Data growth and managing the costs involved with it are becoming an increasingly important aspect of any deployed business system. When addressing this issue with SAP HANA there are a range of considerations which need to be taken into account:
- License cost (SAP HANA is licensed on used memory capacity and feature usage)
- Hardware cost (Primarily the cost of additional memory and if DRAM capacity exceeds a certain amount, then additional CPU sockets and/or servers with additional CPU sockets may be needed)
- Cost of additional storage
- Rate of data growth over a period of time
- How often different tables are used in comparison to one another?
To solve these questions SAP created a concept known as “data temperature management” which in simple terms is a way in which to specify where and how different types of data can be accessed. This concept implies that different data can be separated into three distinct groups based on what it is used for and how often that data is accessed:
|Hot Data||Data accessed and modified frequently. Typically used in day to day business operations.||In-Memory data. Usually DRAM or PMEM.|
|Warm Data||Data accessed infrequently, usually for read only business operations performed at the end of a quarter or during routine auditing operations.||Disk storage or a separate system, usually accessed by loading pages of data into memory and then using these to generate query results.|
|Cold Data||Data rarely accessed, usually retained for legal and/or retention policy purposes.||External storage, managed separately from the SAP HANA database.|
It is implicit that hot data will be a small amount of data requiring high performance while cold data is the highest quantity requiring the lowest performance.
Here I want to talk about managing warm data using extension nodes in an SAP HANA Scale out deployment.
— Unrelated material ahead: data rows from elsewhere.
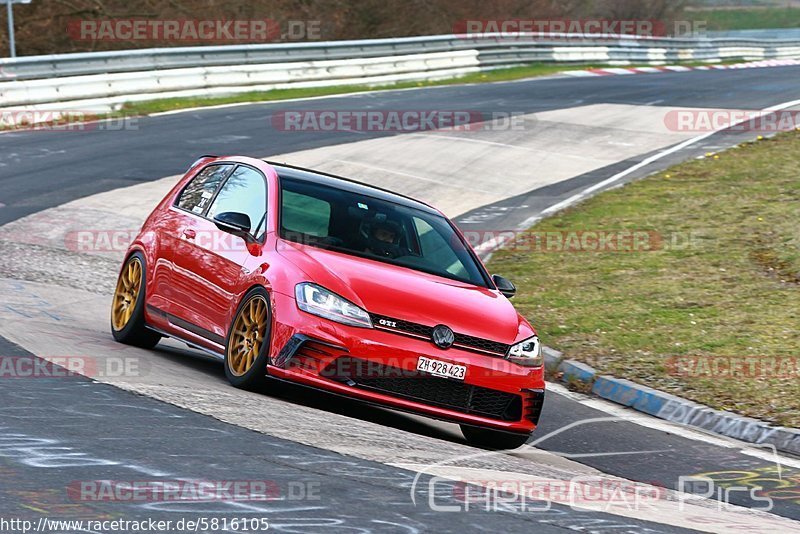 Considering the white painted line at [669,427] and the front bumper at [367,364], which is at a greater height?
the front bumper at [367,364]

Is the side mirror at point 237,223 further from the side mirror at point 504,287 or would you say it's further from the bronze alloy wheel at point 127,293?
the side mirror at point 504,287

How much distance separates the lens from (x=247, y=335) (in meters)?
8.23

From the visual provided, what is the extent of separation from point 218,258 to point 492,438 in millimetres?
2331

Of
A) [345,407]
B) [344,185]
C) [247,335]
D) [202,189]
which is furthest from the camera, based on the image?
[202,189]

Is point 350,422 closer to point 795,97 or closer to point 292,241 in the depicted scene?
point 292,241

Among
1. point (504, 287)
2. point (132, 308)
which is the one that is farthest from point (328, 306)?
point (132, 308)

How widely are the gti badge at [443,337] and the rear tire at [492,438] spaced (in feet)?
2.16

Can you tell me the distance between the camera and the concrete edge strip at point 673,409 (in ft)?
28.5

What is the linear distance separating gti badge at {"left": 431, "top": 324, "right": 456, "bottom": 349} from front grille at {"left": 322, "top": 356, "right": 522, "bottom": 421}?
0.69 feet

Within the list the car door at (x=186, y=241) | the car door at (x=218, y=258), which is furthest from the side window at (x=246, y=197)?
the car door at (x=186, y=241)

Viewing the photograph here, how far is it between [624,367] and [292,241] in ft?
10.9

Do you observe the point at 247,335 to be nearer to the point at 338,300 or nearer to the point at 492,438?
the point at 338,300

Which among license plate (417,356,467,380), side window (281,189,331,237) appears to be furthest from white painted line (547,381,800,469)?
side window (281,189,331,237)

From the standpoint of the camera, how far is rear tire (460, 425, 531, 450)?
27.0ft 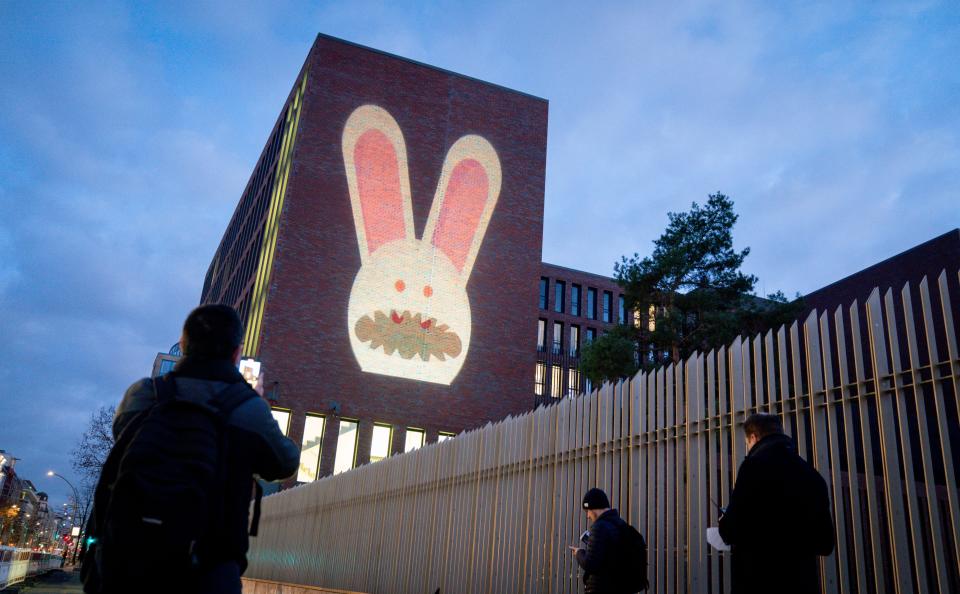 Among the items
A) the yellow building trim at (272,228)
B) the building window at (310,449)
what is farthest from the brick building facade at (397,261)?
the yellow building trim at (272,228)

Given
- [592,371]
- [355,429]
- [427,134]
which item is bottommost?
[355,429]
I have setup a scale out (distributed system) landscape based on HANA 2.0 SPS04 using 4, 2 socket servers with 512GB of memory each. The sizing requirements when using extension nodes to only contain warm data is relaxed as long as the underlying size of the storage data volume allows the required quantity. An extension node can be “overloaded” which means that it is possible to have multiple times the normal amount of data on that node, as long as the required amount of memory in the server for query processing has been taken into account. The minimum scale out system must contain one HANA worker node for hot data and one hana extension node for warm data.
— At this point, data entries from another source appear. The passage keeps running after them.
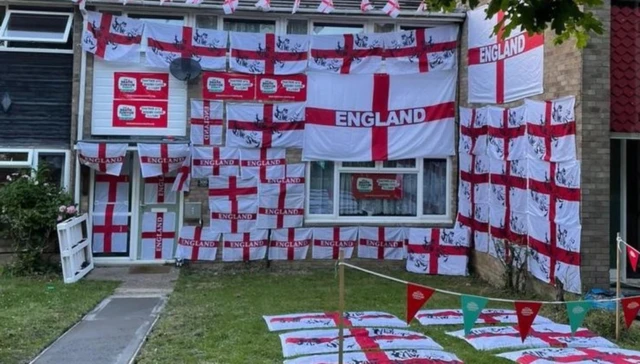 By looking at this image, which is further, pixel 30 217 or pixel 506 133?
pixel 30 217

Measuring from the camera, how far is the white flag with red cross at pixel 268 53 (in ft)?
35.6

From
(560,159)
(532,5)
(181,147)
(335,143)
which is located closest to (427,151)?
(335,143)

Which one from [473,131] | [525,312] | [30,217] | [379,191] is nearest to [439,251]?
[379,191]

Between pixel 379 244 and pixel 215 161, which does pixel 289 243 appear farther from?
pixel 215 161

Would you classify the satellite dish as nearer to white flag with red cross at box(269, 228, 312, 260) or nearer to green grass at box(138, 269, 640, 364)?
white flag with red cross at box(269, 228, 312, 260)

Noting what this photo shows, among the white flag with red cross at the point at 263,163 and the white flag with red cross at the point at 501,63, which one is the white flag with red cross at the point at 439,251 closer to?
the white flag with red cross at the point at 501,63

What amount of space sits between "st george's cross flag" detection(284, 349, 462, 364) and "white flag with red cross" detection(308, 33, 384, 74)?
6.63 metres

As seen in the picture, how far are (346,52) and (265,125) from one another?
6.84ft

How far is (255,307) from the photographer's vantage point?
7664 millimetres

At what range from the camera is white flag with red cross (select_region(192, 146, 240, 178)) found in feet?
35.0

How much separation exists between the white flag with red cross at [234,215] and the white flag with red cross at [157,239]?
35.3 inches

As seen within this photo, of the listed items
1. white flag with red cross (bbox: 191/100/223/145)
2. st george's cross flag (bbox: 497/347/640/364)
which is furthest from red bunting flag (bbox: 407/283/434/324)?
white flag with red cross (bbox: 191/100/223/145)

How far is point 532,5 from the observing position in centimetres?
372

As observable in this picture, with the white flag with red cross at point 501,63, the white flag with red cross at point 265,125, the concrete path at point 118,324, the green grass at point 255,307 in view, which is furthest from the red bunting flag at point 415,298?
the white flag with red cross at point 265,125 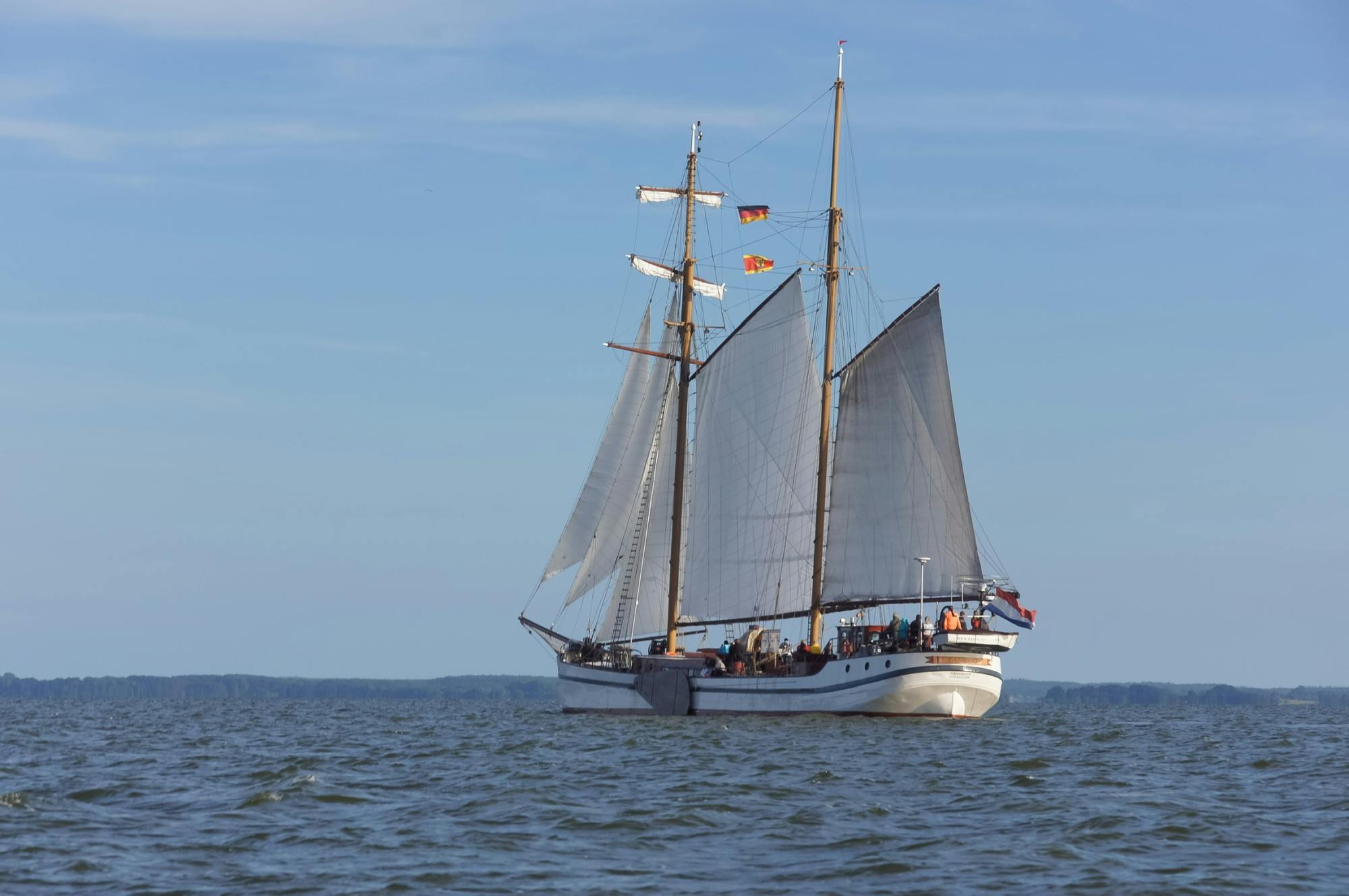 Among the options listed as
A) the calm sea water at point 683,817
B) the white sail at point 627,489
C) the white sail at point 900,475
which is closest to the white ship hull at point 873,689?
the white sail at point 900,475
With an extension node, objects (tables, partitions, etc) are physically redistributed to different locations based on a DDL specification, therefore allowing the separation of hot and warm data by moving “warm specified” data to only the extension node.
|Name||Role||Data/Log Volume size|
|SHN4||Worker (Extension Node)||3072GB/ 256GB|
If a standby node is required then it is very easy to change the landscape to allow for this.
|Name||Role||Data/Log Volume size|
|SHN1||Worker (Master)||768GB/ 256GB|
|SHN3||Worker (Extension Node)||3072GB/ 256GB|
Configuring Extension Nodes
Step 1. Assign the extension node to the “worker_dt” worker group
This can be done during installation by specifying the worker group for the node, or via an SQL command executed as a user with the correct permissions:
|call SYS.UPDATE_LANDSCAPE_CONFIGURATION (‘SET WORKERGROUPS’, ‘shn4’, ‘worker_dt’)|
To identify the correct node is added to the worker group run the SQL command:
|SELECT HOST, WORKER_ACTUAL_GROUPS FROM SYS.M_LANDSCAPE_HOST_CONFIGURATION|
Step 2. Exclude the extension nodes volumes from the volume list for table redistribution
Determine the volume list of all nodes which will store and process hot data
|SELECT v.host, v.port, v.volume_id FROM M_VOLUMES v JOIN M_LANDSCAPE_HOST_CONFIGURATION c ON v.host = c.host WHERE v.service_name = ‘indexserver’ AND c.worker_actual_groups != ‘worker_dt’|
The command will give us the output, pay particular attention to the volume id field.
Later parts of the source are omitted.